I actually started out in financial advisory before moving into renewables about ten years ago. I joined Iona Capital, now rebranded as Kanadevia Inova Capital, and spent the last decade in biogas. That meant a big shift: less time in offices, more time in fields with farmers. Today I look after two large biomethane assets in the group, including Crofthead Biogas in Scotland.


Crofthead Biogas Plant in Dumfries, Scotland

One single process for a triple impact: clean energy, captured carbon, and sustainable fertilizer

For me, biomethane is one of the best ways to decarbonize heat that’s available right now. It doesn’t require electrification, and it works directly in the existing gas grid. Biomethane is a one-for-one substitute for natural gas. On top of that, you generate biogenic CO₂ — which means you can actually produce carbon-negative energy. And you also produce a sustainable fertilizer, digestate, that substitutes synthetic fertilizer.

You end up with three valuable products at once: green gas, captured carbon, and fertilizer. It’s a perfect fit for the circular economy.

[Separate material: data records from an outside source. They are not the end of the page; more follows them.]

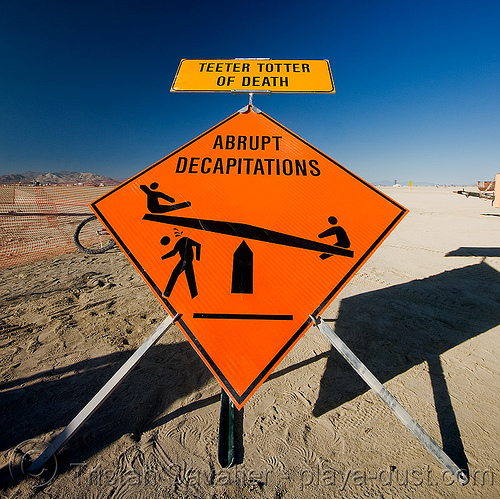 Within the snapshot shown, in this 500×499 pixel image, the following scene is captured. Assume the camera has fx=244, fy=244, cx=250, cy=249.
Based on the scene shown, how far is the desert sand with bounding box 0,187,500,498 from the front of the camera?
1610mm

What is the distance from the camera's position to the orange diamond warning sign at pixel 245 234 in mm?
1479

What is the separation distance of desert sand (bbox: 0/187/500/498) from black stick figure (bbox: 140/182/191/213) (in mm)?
1746

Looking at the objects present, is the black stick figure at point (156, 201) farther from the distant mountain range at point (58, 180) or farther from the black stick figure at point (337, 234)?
the distant mountain range at point (58, 180)

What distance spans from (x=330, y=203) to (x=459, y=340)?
2787mm

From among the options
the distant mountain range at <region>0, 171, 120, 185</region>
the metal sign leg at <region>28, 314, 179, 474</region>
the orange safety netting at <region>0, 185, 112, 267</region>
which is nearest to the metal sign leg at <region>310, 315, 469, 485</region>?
the metal sign leg at <region>28, 314, 179, 474</region>

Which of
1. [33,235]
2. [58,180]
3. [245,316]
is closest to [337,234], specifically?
[245,316]

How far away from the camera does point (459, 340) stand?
10.0ft

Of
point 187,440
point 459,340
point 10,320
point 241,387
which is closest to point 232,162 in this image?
point 241,387

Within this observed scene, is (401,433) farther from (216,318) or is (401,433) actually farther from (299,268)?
(216,318)

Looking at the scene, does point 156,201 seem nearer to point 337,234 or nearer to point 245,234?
point 245,234

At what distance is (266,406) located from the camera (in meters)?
2.20

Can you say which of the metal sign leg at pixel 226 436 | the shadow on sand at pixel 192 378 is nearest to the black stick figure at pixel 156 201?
the metal sign leg at pixel 226 436

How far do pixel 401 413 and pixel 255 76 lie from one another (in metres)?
2.88

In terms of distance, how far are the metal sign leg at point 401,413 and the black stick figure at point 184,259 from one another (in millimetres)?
796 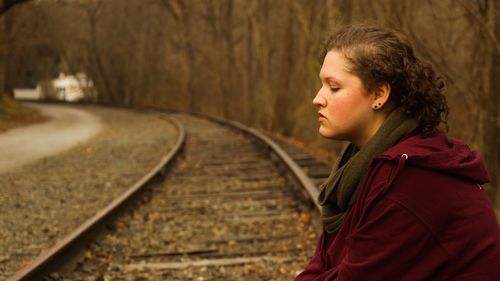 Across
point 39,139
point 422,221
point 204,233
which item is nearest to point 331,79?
point 422,221

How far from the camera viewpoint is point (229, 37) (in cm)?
2831

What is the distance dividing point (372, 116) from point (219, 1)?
2811 centimetres

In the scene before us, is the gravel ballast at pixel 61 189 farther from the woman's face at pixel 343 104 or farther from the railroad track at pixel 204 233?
the woman's face at pixel 343 104

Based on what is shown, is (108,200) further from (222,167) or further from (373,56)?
(373,56)

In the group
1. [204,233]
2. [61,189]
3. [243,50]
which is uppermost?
[204,233]

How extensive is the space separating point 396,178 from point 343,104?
333 millimetres

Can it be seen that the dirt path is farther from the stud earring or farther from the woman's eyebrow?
the stud earring

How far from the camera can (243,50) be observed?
3528cm

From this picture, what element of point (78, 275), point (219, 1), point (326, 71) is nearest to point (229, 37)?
point (219, 1)

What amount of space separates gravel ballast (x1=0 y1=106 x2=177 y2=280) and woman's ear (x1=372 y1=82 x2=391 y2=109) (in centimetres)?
367

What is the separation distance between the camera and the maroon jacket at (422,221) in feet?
5.12

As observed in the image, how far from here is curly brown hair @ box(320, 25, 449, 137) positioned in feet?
5.66

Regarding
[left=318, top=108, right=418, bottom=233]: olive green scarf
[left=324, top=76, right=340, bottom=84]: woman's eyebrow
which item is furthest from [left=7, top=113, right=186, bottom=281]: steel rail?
[left=324, top=76, right=340, bottom=84]: woman's eyebrow

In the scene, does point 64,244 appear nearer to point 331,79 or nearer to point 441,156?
point 331,79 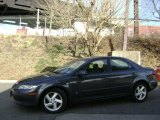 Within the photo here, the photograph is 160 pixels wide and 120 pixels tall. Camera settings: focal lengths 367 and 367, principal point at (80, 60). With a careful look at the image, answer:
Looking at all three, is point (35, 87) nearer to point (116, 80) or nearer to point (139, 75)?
point (116, 80)

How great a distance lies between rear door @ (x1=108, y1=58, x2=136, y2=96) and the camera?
10.2m

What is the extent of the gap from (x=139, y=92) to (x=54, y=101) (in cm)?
273

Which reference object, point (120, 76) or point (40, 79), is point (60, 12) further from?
point (40, 79)

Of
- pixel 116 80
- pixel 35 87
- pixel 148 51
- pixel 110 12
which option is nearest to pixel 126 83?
pixel 116 80

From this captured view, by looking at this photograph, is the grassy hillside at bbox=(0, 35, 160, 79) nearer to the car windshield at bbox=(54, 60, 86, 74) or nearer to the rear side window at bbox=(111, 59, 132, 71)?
the car windshield at bbox=(54, 60, 86, 74)

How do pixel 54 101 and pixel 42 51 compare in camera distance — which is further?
pixel 42 51

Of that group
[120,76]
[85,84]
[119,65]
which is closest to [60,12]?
[119,65]

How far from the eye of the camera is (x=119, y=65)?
35.0 feet

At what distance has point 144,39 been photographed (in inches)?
896

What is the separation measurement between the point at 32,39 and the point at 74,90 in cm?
1471

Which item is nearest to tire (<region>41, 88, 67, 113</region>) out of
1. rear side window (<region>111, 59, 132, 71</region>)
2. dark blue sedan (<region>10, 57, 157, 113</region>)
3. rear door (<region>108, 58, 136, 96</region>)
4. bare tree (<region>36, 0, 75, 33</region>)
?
dark blue sedan (<region>10, 57, 157, 113</region>)

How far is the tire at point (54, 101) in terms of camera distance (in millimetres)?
9422

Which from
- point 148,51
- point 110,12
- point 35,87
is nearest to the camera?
point 35,87

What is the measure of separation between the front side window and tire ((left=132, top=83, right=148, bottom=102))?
44.6 inches
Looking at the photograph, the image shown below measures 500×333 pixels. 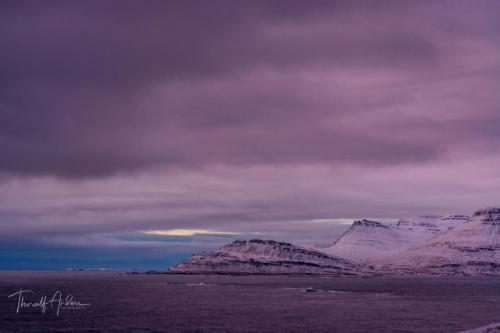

We are mindful of community perceptions of biogas in the UK. All our plants are built into the local agricultural economy. We use waste feedstocks, agricultural residues, and then return digestate back to the land. That means we’re not only displacing fossil fuels but also cutting fugitive emissions and replacing ammonia-based fertilizers. Of course, location is key. You need to size the plant and the traffic movements correctly for the locality.

Done well, the benefits are obvious to the farming community

Kanadevia Inova Capital is part of Kanadevia Inova, a global cleantech company in Switzerland, with a Japanese parent listed on the Nikkei. We’ve invested several hundred million into biogas projects, mainly in the UK but now expanding internationally. We’ve got a team of 20 investment professionals in London and about 50 people operating our plants across the UK.

We’ve invested several hundred millions into biogas projects, mainly in the UK but now expanding internationally.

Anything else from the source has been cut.